オリンピック種目になれば嬉しいという気持ちに変わりはないが、スポーツ性は社交ダンスの持つ良さの要素のひとつに過ぎない。



オリンピック種目になれば認知度があがり、さらにはオリンピックを目指す子供が増え、いや、オリンピックを目指して社交ダンスを習わせる親が増え、そういう意味で業界は盛り上がるだろうから、それ自体は嬉しい限りだ。そしてスポーツとしての社交ダンスを観戦し拍手する。それも社交ダンスの楽しみ方のひとつ。


ただ、社交ダンスは若い人だけのものではない。若者から年配者まて幅広い年齢層まで楽しめるのが社交ダンスの真の良さなのだ。


もともと社交ダンスは年配者でも踊れるように出来ているダンスらしい。例えばルンバでカウント1から踊らず、2のカウントから踊り出すのも年配者でも音を取りやすいようにしている為だと聞いた事がある。


あるWDCの海外コーチャーが言った。「たくさん回転すれば良いってものではないのよ。どんな感情で回るかの方が遥かに大切なの。」


フィーリング溢れる""のあるダンス。踊る人それぞれがそれぞれの感情を込めて踊り、踊る人みんなが主役になれる、それが社交ダンスの良さであり楽しさ。だからこそ社交ダンスは素敵なのだ。

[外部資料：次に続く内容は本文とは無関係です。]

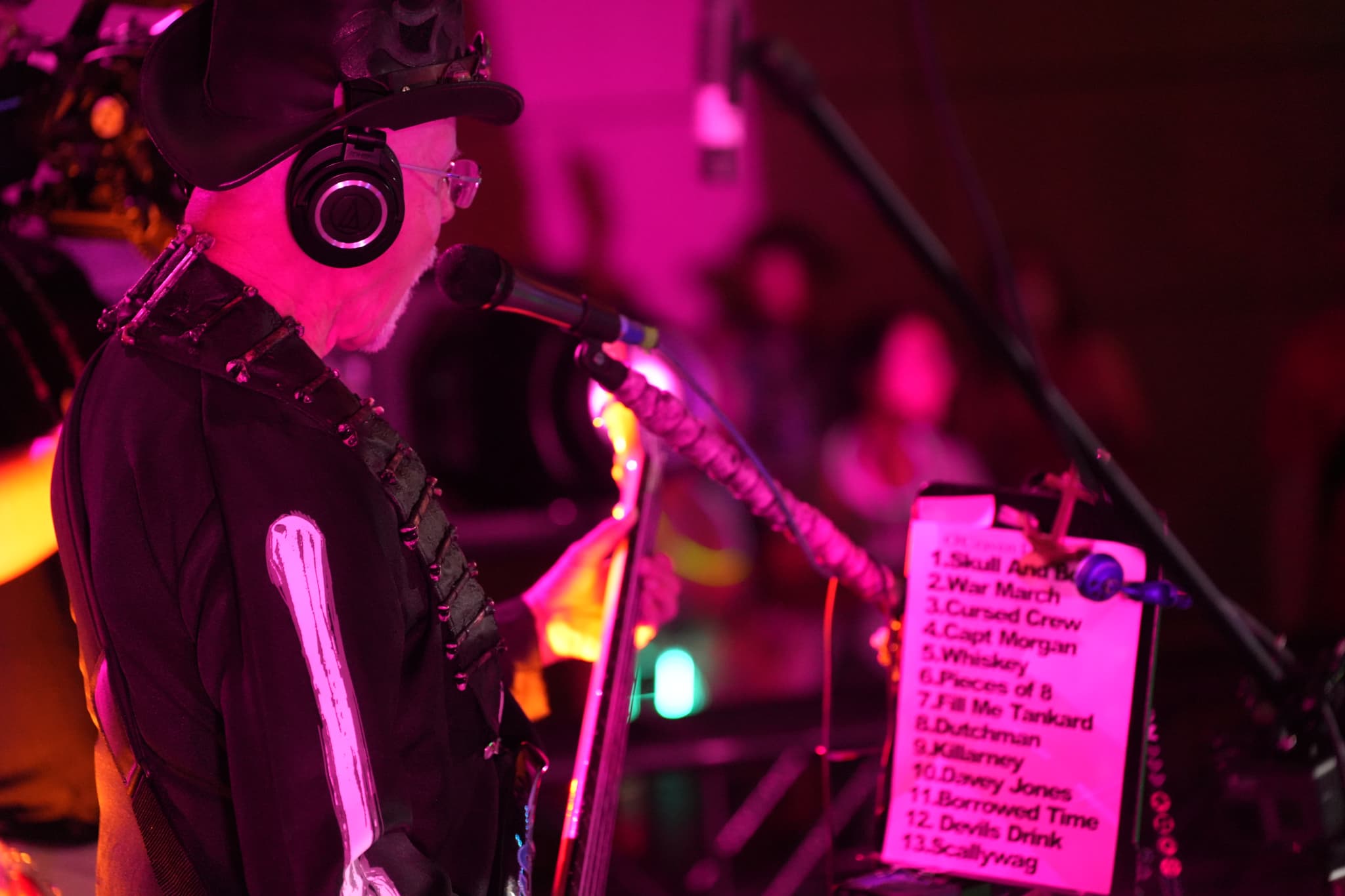 A musician wearing headphones and a hat performs on stage, with a microphone and a setlist visible in the foreground. The background is illuminated with pink and purple lighting, and an audience is faintly visible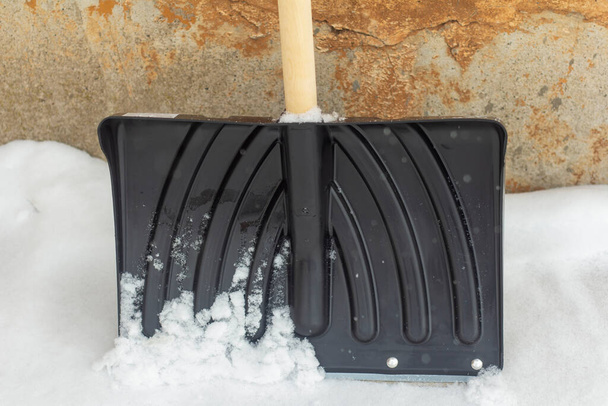 Черная лопата с деревянной ручкой для уборки снега стоит у старой стены. - Фото, изображение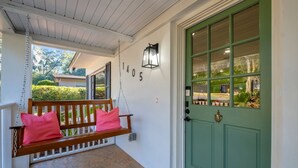 A porch with a wooden swing, a green door, and a house number 1405. - Spacious 4BD - Central Stay w/ Backyard & Games (Tallahassee)
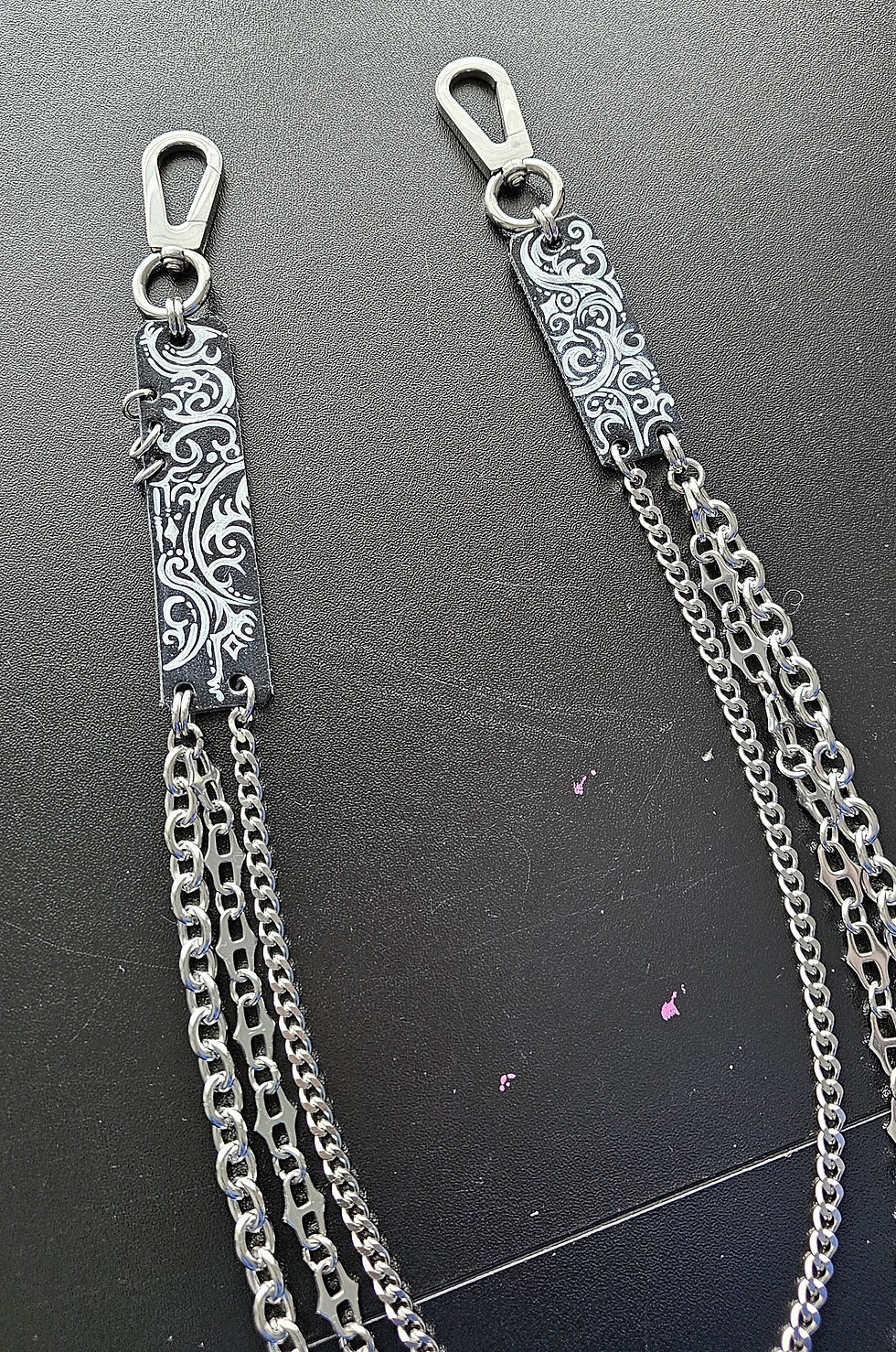Silver chains with ornate metal clips on a black background, featuring intricate white swirling patterns.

人生100年時代と言われるようになった。日本はこれからどんどん高齢化社会になっていく。


だからこそ年配まで長く楽しめる社交ダンスには価値があると思う。そんな価値ある社交ダンスの踊る事の楽しさや素晴らしさを私たちプロは伝えて行かなければならない。少なくとも自分はそうありたい。


深夜にオリンピックチケットの申し込みをしながらふとそんな事を考えた。